Prompt →
Look through the records below for the line holding "jmsolution,排名,jmsolution,排行榜,推薦". Write it out exactly, with each following line through the line holding "数学读书笔记.doc_第3页".

[Material for the task]

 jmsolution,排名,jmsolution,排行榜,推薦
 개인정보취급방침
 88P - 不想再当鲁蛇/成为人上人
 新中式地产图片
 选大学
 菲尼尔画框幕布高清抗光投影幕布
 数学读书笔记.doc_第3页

[/Material for the task]
[Material for the task]

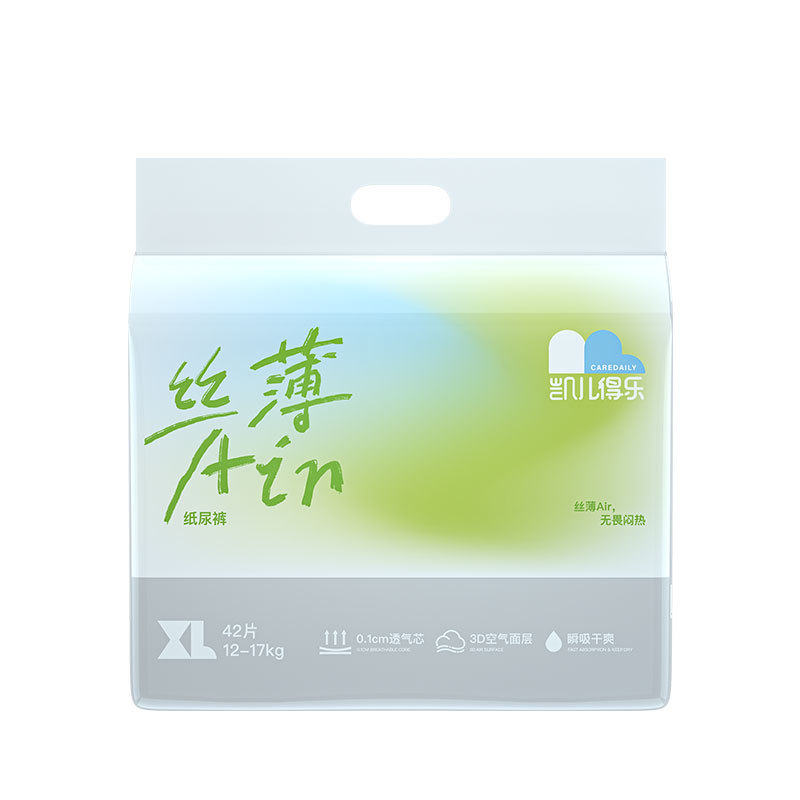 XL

[/Material for the task]

Response area →
 jmsolution,排名,jmsolution,排行榜,推薦
 개인정보취급방침
 88P - 不想再当鲁蛇/成为人上人
 新中式地产图片
 选大学
 菲尼尔画框幕布高清抗光投影幕布
 数学读书笔记.doc_第3页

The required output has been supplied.